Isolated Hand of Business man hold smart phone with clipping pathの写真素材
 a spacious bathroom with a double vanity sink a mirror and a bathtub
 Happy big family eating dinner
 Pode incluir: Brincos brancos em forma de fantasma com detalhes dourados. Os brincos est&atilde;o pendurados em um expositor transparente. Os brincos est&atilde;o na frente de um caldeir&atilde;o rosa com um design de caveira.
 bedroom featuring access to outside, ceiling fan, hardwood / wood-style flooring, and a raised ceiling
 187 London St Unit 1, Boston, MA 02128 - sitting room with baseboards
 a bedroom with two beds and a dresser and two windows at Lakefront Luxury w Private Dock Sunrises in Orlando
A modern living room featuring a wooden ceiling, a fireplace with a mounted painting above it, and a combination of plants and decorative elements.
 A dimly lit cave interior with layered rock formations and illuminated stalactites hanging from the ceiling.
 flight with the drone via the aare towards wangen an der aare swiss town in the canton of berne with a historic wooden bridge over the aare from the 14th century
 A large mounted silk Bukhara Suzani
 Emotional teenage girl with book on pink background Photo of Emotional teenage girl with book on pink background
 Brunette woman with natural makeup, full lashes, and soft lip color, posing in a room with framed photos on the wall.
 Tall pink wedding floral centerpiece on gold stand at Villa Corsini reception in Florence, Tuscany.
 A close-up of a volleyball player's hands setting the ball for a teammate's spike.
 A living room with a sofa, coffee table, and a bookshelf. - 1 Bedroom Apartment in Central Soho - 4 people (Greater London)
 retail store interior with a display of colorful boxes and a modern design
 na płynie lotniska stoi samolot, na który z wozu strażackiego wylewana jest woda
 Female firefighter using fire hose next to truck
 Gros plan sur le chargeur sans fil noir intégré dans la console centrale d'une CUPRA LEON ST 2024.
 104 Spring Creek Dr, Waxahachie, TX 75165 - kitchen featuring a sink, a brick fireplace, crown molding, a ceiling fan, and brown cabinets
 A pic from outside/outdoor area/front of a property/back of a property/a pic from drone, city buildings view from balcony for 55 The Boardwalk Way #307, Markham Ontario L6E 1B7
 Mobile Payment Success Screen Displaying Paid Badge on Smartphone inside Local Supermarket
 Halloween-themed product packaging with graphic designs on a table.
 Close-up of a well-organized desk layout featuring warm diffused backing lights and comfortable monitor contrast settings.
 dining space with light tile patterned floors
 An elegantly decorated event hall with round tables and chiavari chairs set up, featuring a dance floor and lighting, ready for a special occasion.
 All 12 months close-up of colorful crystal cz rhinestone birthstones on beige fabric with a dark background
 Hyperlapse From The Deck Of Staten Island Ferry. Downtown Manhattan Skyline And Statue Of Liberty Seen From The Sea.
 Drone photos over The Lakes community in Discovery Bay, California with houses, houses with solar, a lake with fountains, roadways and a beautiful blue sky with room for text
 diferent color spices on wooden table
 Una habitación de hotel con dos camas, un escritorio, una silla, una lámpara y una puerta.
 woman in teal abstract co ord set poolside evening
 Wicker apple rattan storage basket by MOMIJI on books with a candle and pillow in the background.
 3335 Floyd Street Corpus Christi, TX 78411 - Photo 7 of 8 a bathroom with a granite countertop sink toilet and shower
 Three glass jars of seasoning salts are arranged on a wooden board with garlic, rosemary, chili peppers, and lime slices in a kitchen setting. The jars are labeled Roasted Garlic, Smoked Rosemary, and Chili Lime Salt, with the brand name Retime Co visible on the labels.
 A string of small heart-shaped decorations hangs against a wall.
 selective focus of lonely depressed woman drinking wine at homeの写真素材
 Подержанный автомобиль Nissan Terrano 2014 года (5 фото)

What needs to be done - Could you retype all of the records above exactly as they appear?

Answer for this exercise -
Isolated Hand of Business man hold smart phone with clipping pathの写真素材
 a spacious bathroom with a double vanity sink a mirror and a bathtub
 Happy big family eating dinner
 Pode incluir: Brincos brancos em forma de fantasma com detalhes dourados. Os brincos est&atilde;o pendurados em um expositor transparente. Os brincos est&atilde;o na frente de um caldeir&atilde;o rosa com um design de caveira.
 bedroom featuring access to outside, ceiling fan, hardwood / wood-style flooring, and a raised ceiling
 187 London St Unit 1, Boston, MA 02128 - sitting room with baseboards
 a bedroom with two beds and a dresser and two windows at Lakefront Luxury w Private Dock Sunrises in Orlando
A modern living room featuring a wooden ceiling, a fireplace with a mounted painting above it, and a combination of plants and decorative elements.
 A dimly lit cave interior with layered rock formations and illuminated stalactites hanging from the ceiling.
 flight with the drone via the aare towards wangen an der aare swiss town in the canton of berne with a historic wooden bridge over the aare from the 14th century
 A large mounted silk Bukhara Suzani
 Emotional teenage girl with book on pink background Photo of Emotional teenage girl with book on pink background
 Brunette woman with natural makeup, full lashes, and soft lip color, posing in a room with framed photos on the wall.
 Tall pink wedding floral centerpiece on gold stand at Villa Corsini reception in Florence, Tuscany.
 A close-up of a volleyball player's hands setting the ball for a teammate's spike.
 A living room with a sofa, coffee table, and a bookshelf. - 1 Bedroom Apartment in Central Soho - 4 people (Greater London)
 retail store interior with a display of colorful boxes and a modern design
 na płynie lotniska stoi samolot, na który z wozu strażackiego wylewana jest woda
 Female firefighter using fire hose next to truck
 Gros plan sur le chargeur sans fil noir intégré dans la console centrale d'une CUPRA LEON ST 2024.
 104 Spring Creek Dr, Waxahachie, TX 75165 - kitchen featuring a sink, a brick fireplace, crown molding, a ceiling fan, and brown cabinets
 A pic from outside/outdoor area/front of a property/back of a property/a pic from drone, city buildings view from balcony for 55 The Boardwalk Way #307, Markham Ontario L6E 1B7
 Mobile Payment Success Screen Displaying Paid Badge on Smartphone inside Local Supermarket
 Halloween-themed product packaging with graphic designs on a table.
 Close-up of a well-organized desk layout featuring warm diffused backing lights and comfortable monitor contrast settings.
 dining space with light tile patterned floors
 An elegantly decorated event hall with round tables and chiavari chairs set up, featuring a dance floor and lighting, ready for a special occasion.
 All 12 months close-up of colorful crystal cz rhinestone birthstones on beige fabric with a dark background
 Hyperlapse From The Deck Of Staten Island Ferry. Downtown Manhattan Skyline And Statue Of Liberty Seen From The Sea.
 Drone photos over The Lakes community in Discovery Bay, California with houses, houses with solar, a lake with fountains, roadways and a beautiful blue sky with room for text
 diferent color spices on wooden table
 Una habitación de hotel con dos camas, un escritorio, una silla, una lámpara y una puerta.
 woman in teal abstract co ord set poolside evening
 Wicker apple rattan storage basket by MOMIJI on books with a candle and pillow in the background.
 3335 Floyd Street Corpus Christi, TX 78411 - Photo 7 of 8 a bathroom with a granite countertop sink toilet and shower
 Three glass jars of seasoning salts are arranged on a wooden board with garlic, rosemary, chili peppers, and lime slices in a kitchen setting. The jars are labeled Roasted Garlic, Smoked Rosemary, and Chili Lime Salt, with the brand name Retime Co visible on the labels.
 A string of small heart-shaped decorations hangs against a wall.
 selective focus of lonely depressed woman drinking wine at homeの写真素材
 Подержанный автомобиль Nissan Terrano 2014 года (5 фото)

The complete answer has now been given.